▸ Exercise requirements: Copy the lines below, word for word, from the first through the line containing "Bir insan tarafından". Leave the pictures out.

▸ Given data:
________________________________________

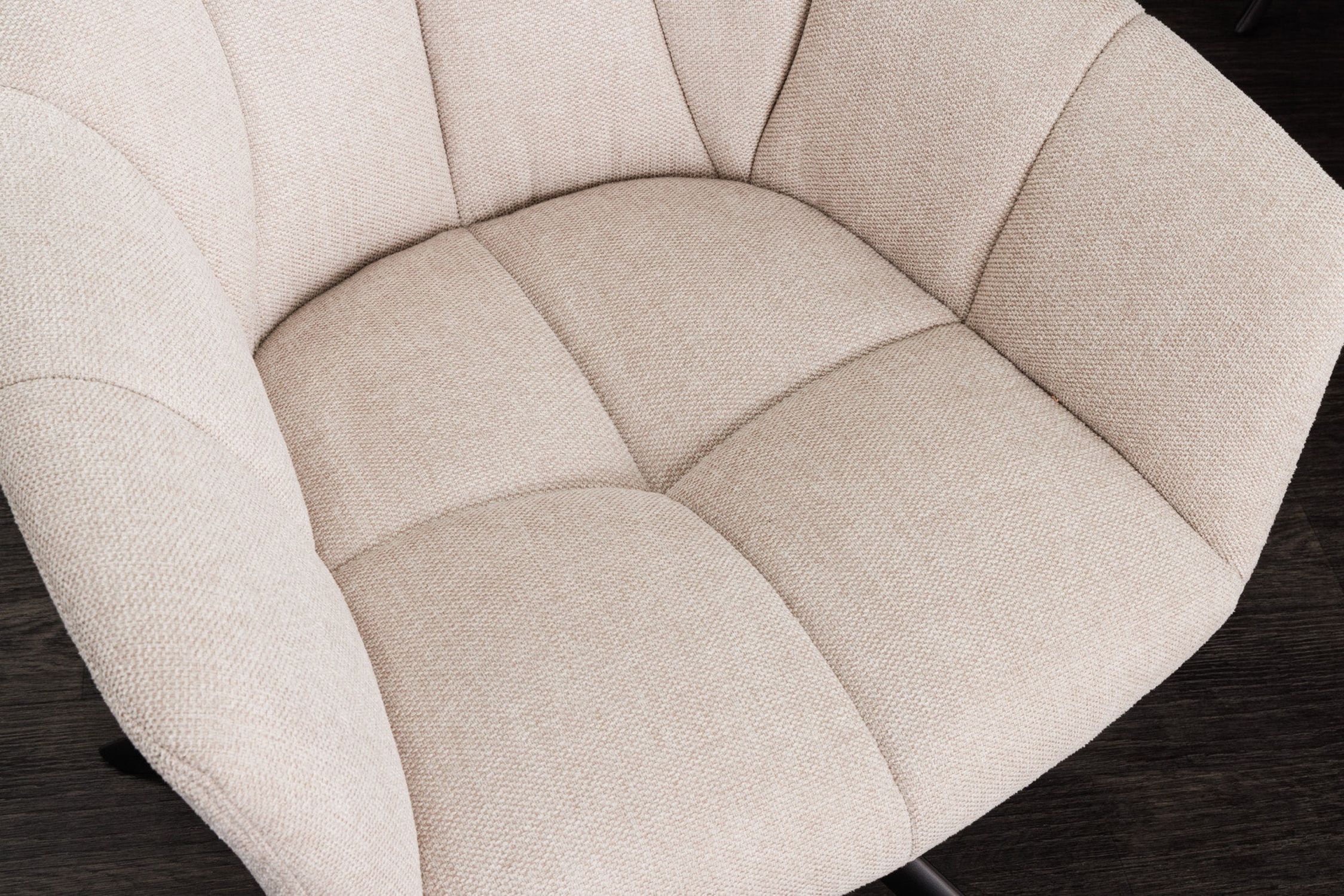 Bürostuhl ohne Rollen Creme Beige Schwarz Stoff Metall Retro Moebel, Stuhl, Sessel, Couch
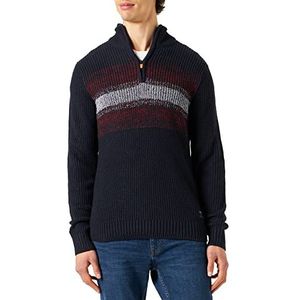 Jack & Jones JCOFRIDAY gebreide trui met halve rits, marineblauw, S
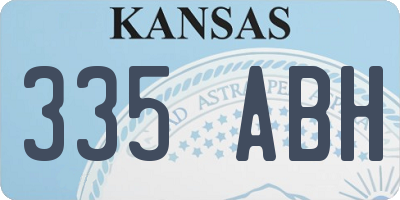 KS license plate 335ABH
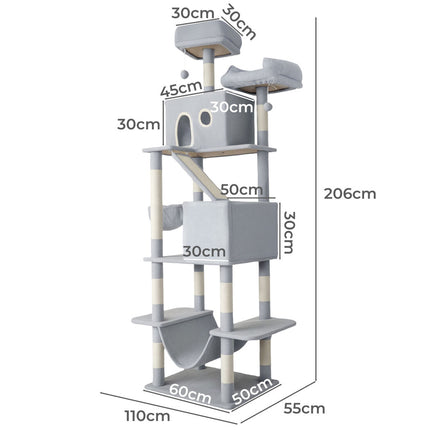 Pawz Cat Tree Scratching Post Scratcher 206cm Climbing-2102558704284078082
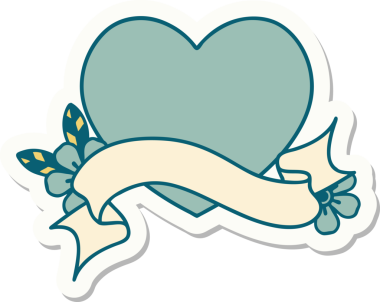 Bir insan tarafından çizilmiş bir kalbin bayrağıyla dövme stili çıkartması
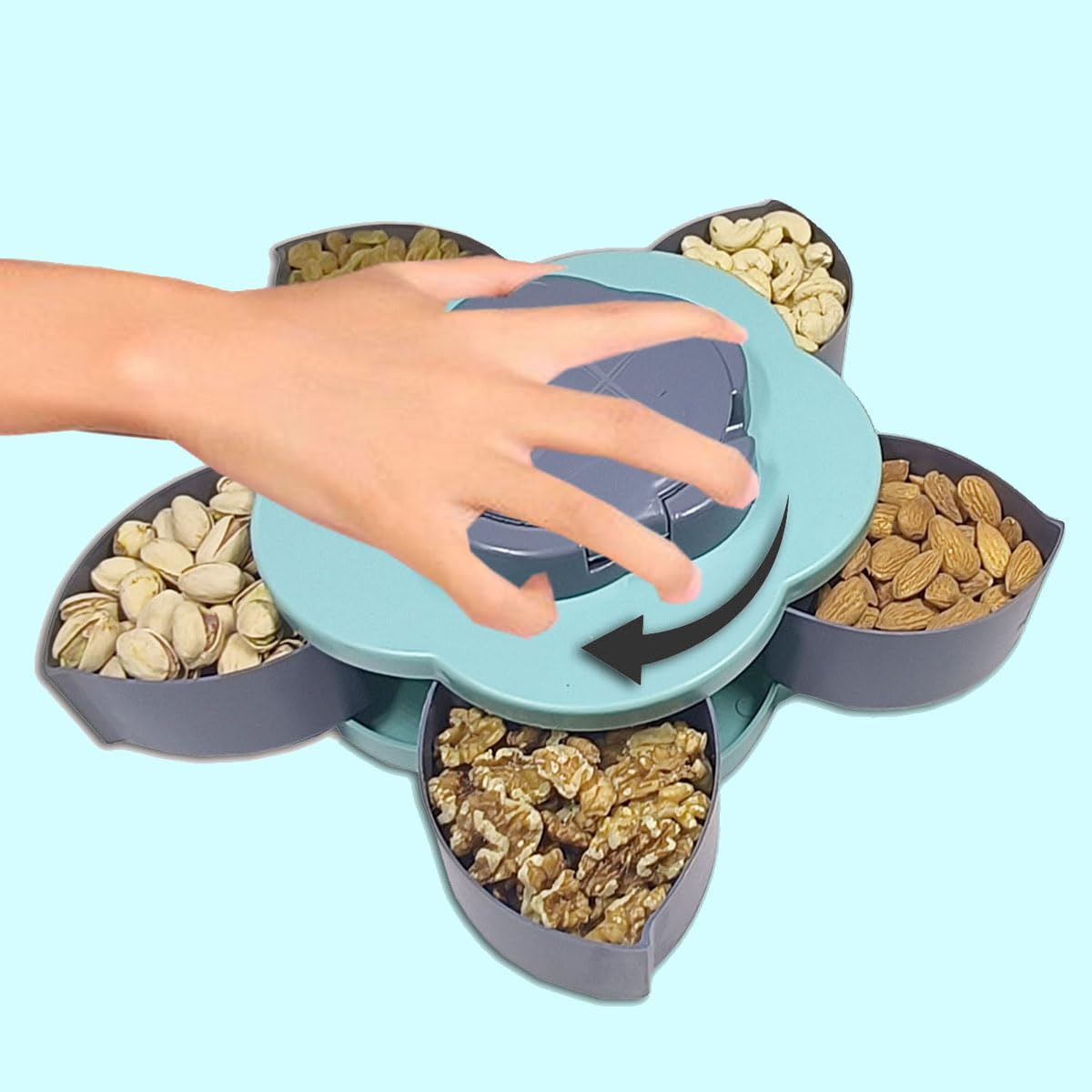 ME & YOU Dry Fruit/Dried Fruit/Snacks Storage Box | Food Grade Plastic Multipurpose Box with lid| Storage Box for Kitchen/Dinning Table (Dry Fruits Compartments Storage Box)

________________________________________

▸ Written reply:
 Bürostuhl ohne Rollen Creme Beige Schwarz Stoff Metall Retro Moebel, Stuhl, Sessel, Couch
 Jack & Jones JCOFRIDAY gebreide trui met halve rits, marineblauw, S
 KS license plate 335ABH
 Pawz Cat Tree Scratching Post Scratcher 206cm Climbing-2102558704284078082
 Bir insan tarafından çizilmiş bir kalbin bayrağıyla dövme stili çıkartması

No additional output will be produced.